* WORK INSTRUCTION:
Once you reach the end of the data, transcribe all of it exactly.

[Short web captions]
+ + + +

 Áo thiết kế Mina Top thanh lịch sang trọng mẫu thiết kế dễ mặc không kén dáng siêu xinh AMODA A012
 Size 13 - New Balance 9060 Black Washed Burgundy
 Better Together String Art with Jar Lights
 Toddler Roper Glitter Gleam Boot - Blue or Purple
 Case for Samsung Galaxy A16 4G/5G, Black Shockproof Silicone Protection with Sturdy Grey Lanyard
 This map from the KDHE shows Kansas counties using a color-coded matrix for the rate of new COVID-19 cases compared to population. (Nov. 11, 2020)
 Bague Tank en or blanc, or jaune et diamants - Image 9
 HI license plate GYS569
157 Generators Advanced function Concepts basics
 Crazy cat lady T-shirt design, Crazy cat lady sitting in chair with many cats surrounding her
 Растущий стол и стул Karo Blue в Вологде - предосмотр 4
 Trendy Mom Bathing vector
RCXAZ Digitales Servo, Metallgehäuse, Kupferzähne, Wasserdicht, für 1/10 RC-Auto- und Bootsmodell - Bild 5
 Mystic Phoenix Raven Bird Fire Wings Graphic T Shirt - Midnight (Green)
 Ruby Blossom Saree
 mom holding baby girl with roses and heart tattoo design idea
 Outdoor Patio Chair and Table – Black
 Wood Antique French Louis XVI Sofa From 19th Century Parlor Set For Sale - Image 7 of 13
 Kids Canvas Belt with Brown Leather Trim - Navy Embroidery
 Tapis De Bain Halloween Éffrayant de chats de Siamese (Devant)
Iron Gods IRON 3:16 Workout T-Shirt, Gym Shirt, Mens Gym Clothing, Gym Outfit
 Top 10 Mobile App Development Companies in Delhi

+ + + +

* YOUR RESPONSE:
 Áo thiết kế Mina Top thanh lịch sang trọng mẫu thiết kế dễ mặc không kén dáng siêu xinh AMODA A012
 Size 13 - New Balance 9060 Black Washed Burgundy
 Better Together String Art with Jar Lights
 Toddler Roper Glitter Gleam Boot - Blue or Purple
 Case for Samsung Galaxy A16 4G/5G, Black Shockproof Silicone Protection with Sturdy Grey Lanyard
 This map from the KDHE shows Kansas counties using a color-coded matrix for the rate of new COVID-19 cases compared to population. (Nov. 11, 2020)
 Bague Tank en or blanc, or jaune et diamants - Image 9
 HI license plate GYS569
157 Generators Advanced function Concepts basics
 Crazy cat lady T-shirt design, Crazy cat lady sitting in chair with many cats surrounding her
 Растущий стол и стул Karo Blue в Вологде - предосмотр 4
 Trendy Mom Bathing vector
RCXAZ Digitales Servo, Metallgehäuse, Kupferzähne, Wasserdicht, für 1/10 RC-Auto- und Bootsmodell - Bild 5
 Mystic Phoenix Raven Bird Fire Wings Graphic T Shirt - Midnight (Green)
 Ruby Blossom Saree
 mom holding baby girl with roses and heart tattoo design idea
 Outdoor Patio Chair and Table – Black
 Wood Antique French Louis XVI Sofa From 19th Century Parlor Set For Sale - Image 7 of 13
 Kids Canvas Belt with Brown Leather Trim - Navy Embroidery
 Tapis De Bain Halloween Éffrayant de chats de Siamese (Devant)
Iron Gods IRON 3:16 Workout T-Shirt, Gym Shirt, Mens Gym Clothing, Gym Outfit
 Top 10 Mobile App Development Companies in Delhi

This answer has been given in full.